Three cops return to school beat
Three school-resource officers lost to budget cuts in 2010 will be back patrolling the hallways of District 51 schools, the result of a creative funding agreement initiated by the Mesa County Sheriff’s Department and facilitated by Mesa County staff.
Sheriff Stan Hilkey presented details Monday of a four-year, $375,000 grant his office sought and received through the federal Community Oriented Policing Services Hiring Program, which will fund the rehiring of the three officers laid off in 2010.
The grant requires a partial match — amounting to $177,749 — which the county’s Department of Human Services will fund with state Temporary Assistance to Needy Families resources.
“Over the years, I’ve never heard one parent or teacher being uptight about taxpayers’ money being spent on this kind of resource,” Hilkey told county commissioners. He said school-resource officers provide a chance for young people to interact positively with law enforcement from an early age.
Hilkey stressed the importance of having an approachable police presence in schools. He framed his support in the context of all the high-profile shooting incidents that have happened in schools and been splashed in newspaper headlines across the country.
“There have been several times when kids have been contemplating bringing guns to school, and we’ve had the opportunity to intervene as a direct result of school-resource officers,” Hilkey said.
“We think the opportunity for prevention exists every day.”
The grant specifically calls for the reinstatement of officers who were previously laid off, but Hilkey said those officers eventually were hired back in different capacities. In those cases, the grant calls for the hiring of recently returned veterans from the wars in Iraq and Afghanistan.
The hiring process will begin “immediately,” according to sheriff’s spokeswoman Heather Benjamin.
She said that they’ll get right to the process of screening applicants, hiring the three new officers, training them and getting them assigned to local schools.
The new officers could be back in hallways and on school campuses “several months down the road,” Benjamin said.
Currently, there is one school-resource officer in the Sheriff’s Department, who is primarily assigned to Central High School, but also is the singular police presence at the elementary and middle feeder schools.
The Fruita Police Department has two school-resource officers, and the Grand Junction Police Department also counts two school-resource officers on staff.
While the grant provides salary and benefits for the first three years, it also requires a commitment to keep the officers on staff in year four. The county is on the hook for that fourth year, to the tune of $184,161.
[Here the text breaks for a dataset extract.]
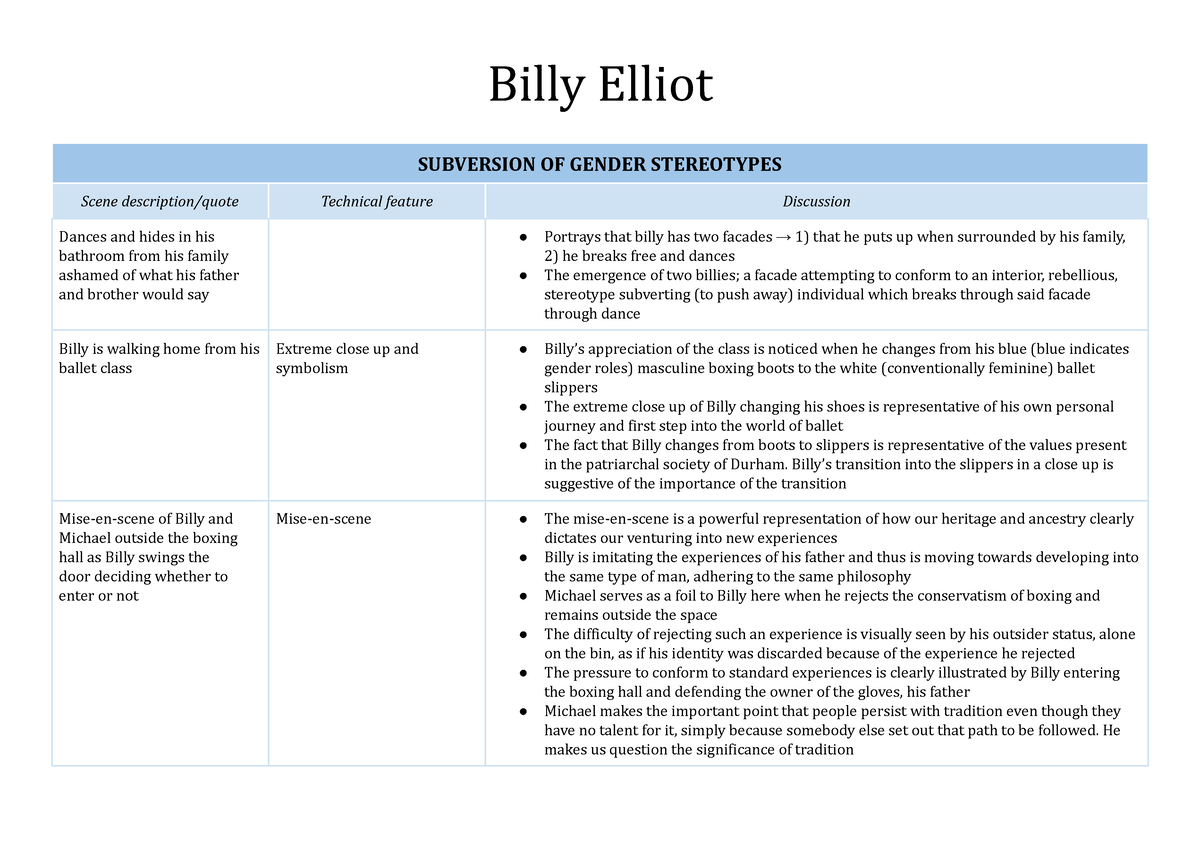 billy elliot gender stereotypes essays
They’re also responsible for material costs for outfitting officers and providing vehicles, which will be covered through existing resources within the Sheriff’s Department, officials said.
District 51 Superintendent Steve Schultz, no stranger to creative funding based on recent budgetary constraints, was appreciative of the effort Monday.
“I come to you today knowing that I cannot commit to you any money to support this grant. But I can look you in the eye and tell you how important and valuable of a resource this is to our community,” Schultz said.
Landing the latest grant took a bit of an effort. A previous attempt was denied last year, and this year’s deal was dependent on the Department of Human Services creatively finding the funds for the required match.
“(Human Serivces is) more than just a funding source that happens to fit the guidelines. They really do benefit from this, particularly in the Child Protective Division,” said Commissioner Janet Rowland. “It’s a big value for them to have the school-resource officer there.”